Warum fragen wir uns eigentlich, wieso inzwischen Rettungspersonal und Polizist:innen beschimpft, bedroht oder an Silvester mit Böllern beworfen werden?
Vielleicht passiert das, weil der Arschlochlevel, die Selbstermächtigung, sich über Regeln hinwegzusetzen, seit Jahrzehnten toleriert wird und wie ein Pilz sei Myzel in alle möglichen Bereiche des Lebens ausdehnt?
Vielleicht müssen wir alle einfach die vorhandenen Grenzen verteidigen, wenn sie bewusst oder durch Ignoranz verletzt werden?
*) lustigerweise hat bisher nur eine Frau sowas gemacht, die aber der statistisch zu erwartende Ausreißer gewesen sein wird. Daher sehe ich nicht, das zu gendern.
[…] das Fahren mit der richtigen Geschwindigkeit. Mit dem Thema darf ich gar nicht erst anfangen, ich bin Straßenverkehrsordnungsspießer und finde […]
Die Aggressivität ist wirklich enorm geworden. Daher vermeide ich jegliche Ansprache bei Fehlverhalten, vor allem wenn ich täglich mit dem Rad unterwegs bin, und zeige einfach an. Aber was das an Lebenszeit kostet, das ist nicht schön.

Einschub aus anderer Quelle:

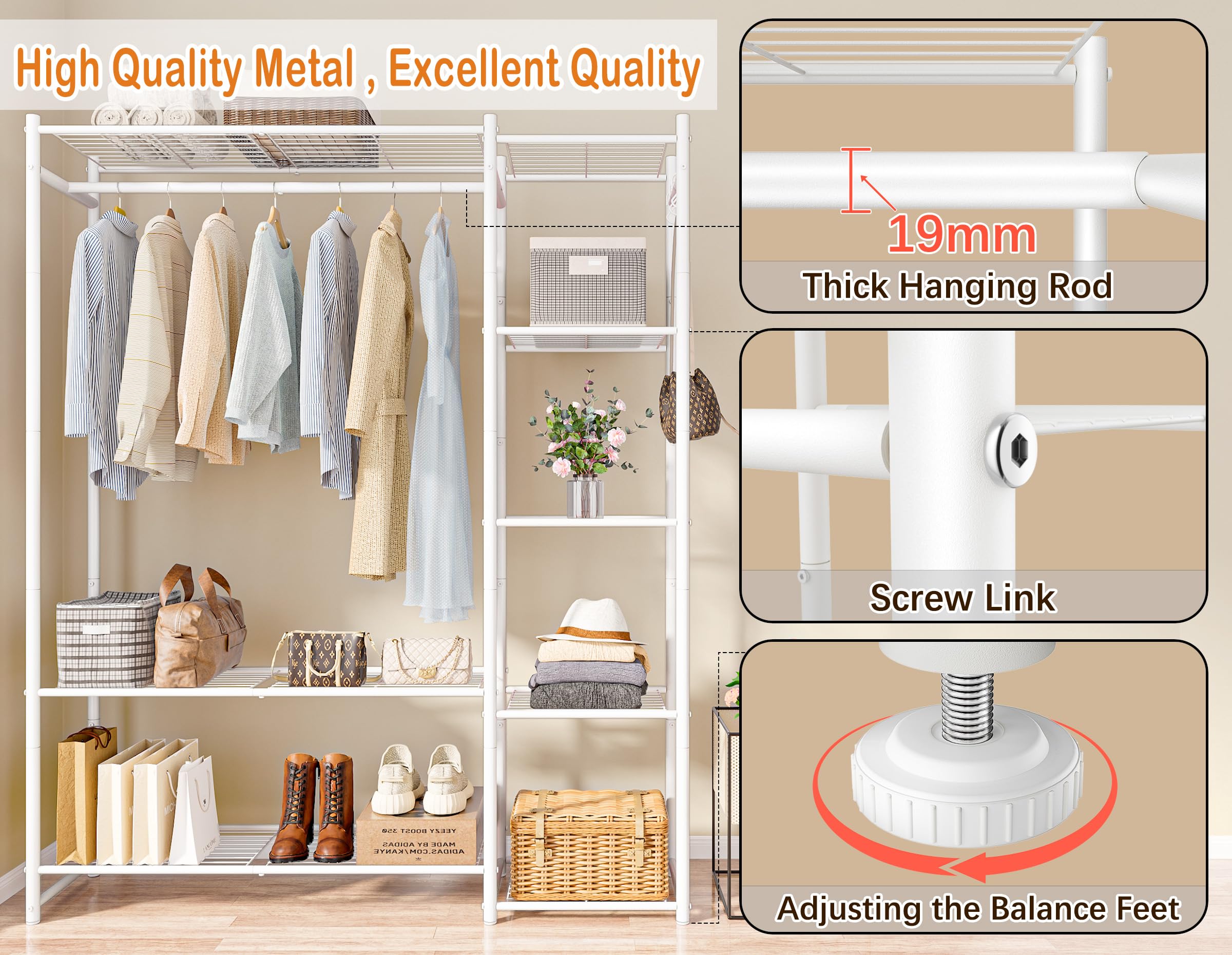 Wardrobe Closet,Portable Clothes Rack with 4 Tiers Shelves,Freestanding Closet Organizers and Storage System with Hanging Rods,Steel Clothing Rack Suitable for Cloakrooms,Bedrooms,Entrances,etc.White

Wenn ich (mit dem Motorrad) in den Urlaub fahre, freue ich mich immer, wenn ich die Grenzen in die Nachbarländer überschritten habe, Tempolimits an die sich weitestgehend gehalten werden und einfach entspannterer Verkehr.
Als ich letztes Jahr in Island war, konnte man aber dennoch deutsche Fahrer in den Mietwagen „erkennen“. Zu schnell, überholen im Überholverbot, zu eng bei Radfahrern. Die glauben vermutlich, dass außerhalb der Ortschaften in der kargen Gegend Blitzer oder Polizei auffallen würden, aber dort gibt es halt nahezu unsichtbare winzige stationäre Kameras, die den Verkehr überwachen und anhand derer die Bussgelder erhoben werden.